Your objective —
Copy out the data in full and exactly, passing over the pictures.

Working data —
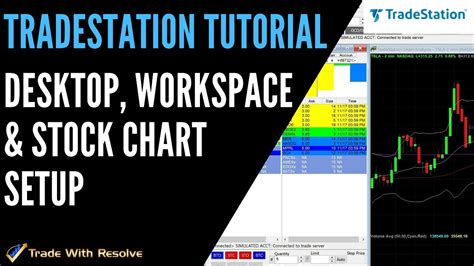 Best Technical Analysis Videos Tradestation Chart Trading Tutorial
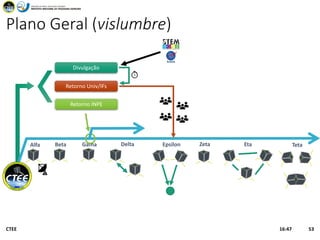 Plano Geral (vislumbre)
CTEE 53
Alfa Beta Gama Delta Epsilon Zeta Eta Teta
Divulgação
Retorno Univ/IFs
Retorno INPE
16:47
 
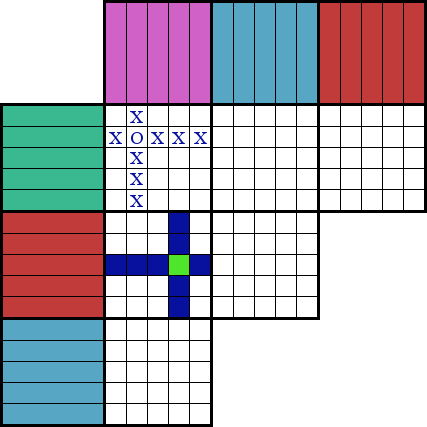 Setup for logic puzzle grid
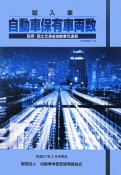 輸入車自動車保有車両数　自検協統計　平成21年（29）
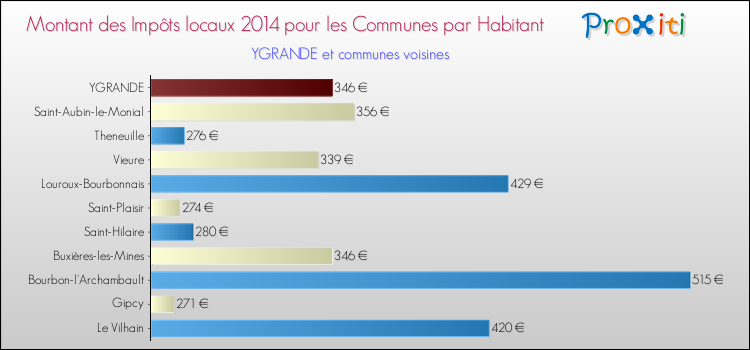 Montant des impôts locaux par Habitant pour YGRANDE et les communes proches en 2014 Comparaison des impôts locaux par habitant pour YGRANDE et les communes voisines en 2014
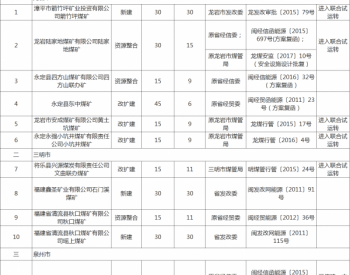 截至2020年12月底福建全省建设生产<em>煤矿产能</em>更新公告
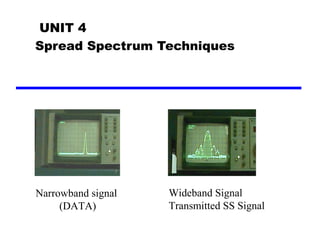 UNIT 4
Spread Spectrum Techniques
Narrowband signal
(DATA)
Wideband Signal
Transmitted SS Signal
 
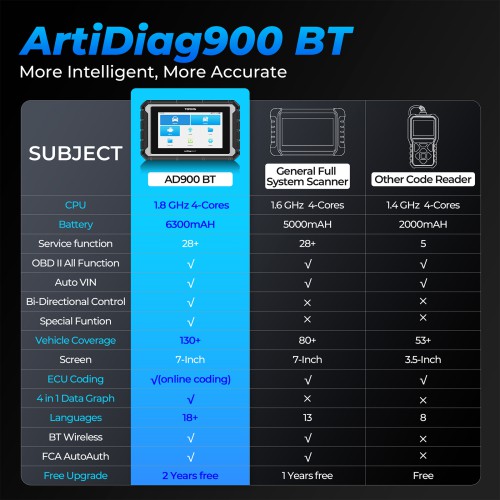 2024 TOPDON ArtiDiag 900 BT AD900BT Bidirectional Diagnostic Tool Supports ECU Coding 28 Service Functions 2 Years Free Update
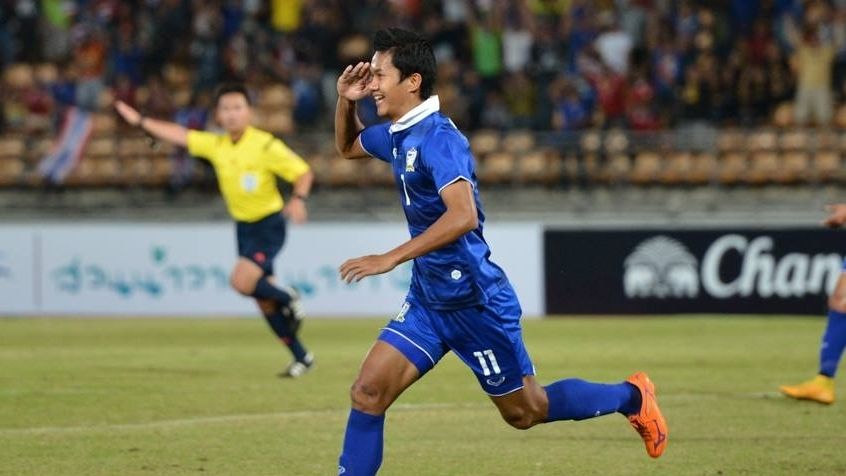 มงคล ทศไกร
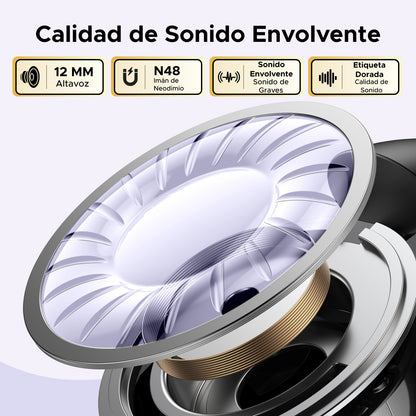UGREEN HiTune S3 Audífonos Bluetooth Inalámbricos WS209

Expected output —
 Best Technical Analysis Videos Tradestation Chart Trading Tutorial
 Plano Geral (vislumbre)
CTEE 53
Alfa Beta Gama Delta Epsilon Zeta Eta Teta
Divulgação
Retorno Univ/IFs
Retorno INPE
16:47
 
 Setup for logic puzzle grid
 輸入車自動車保有車両数　自検協統計　平成21年（29）
 Montant des impôts locaux par Habitant pour YGRANDE et les communes proches en 2014 Comparaison des impôts locaux par habitant pour YGRANDE et les communes voisines en 2014
 截至2020年12月底福建全省建设生产<em>煤矿产能</em>更新公告
 UNIT 4
Spread Spectrum Techniques
Narrowband signal
(DATA)
Wideband Signal
Transmitted SS Signal
 
 2024 TOPDON ArtiDiag 900 BT AD900BT Bidirectional Diagnostic Tool Supports ECU Coding 28 Service Functions 2 Years Free Update
 มงคล ทศไกร
UGREEN HiTune S3 Audífonos Bluetooth Inalámbricos WS209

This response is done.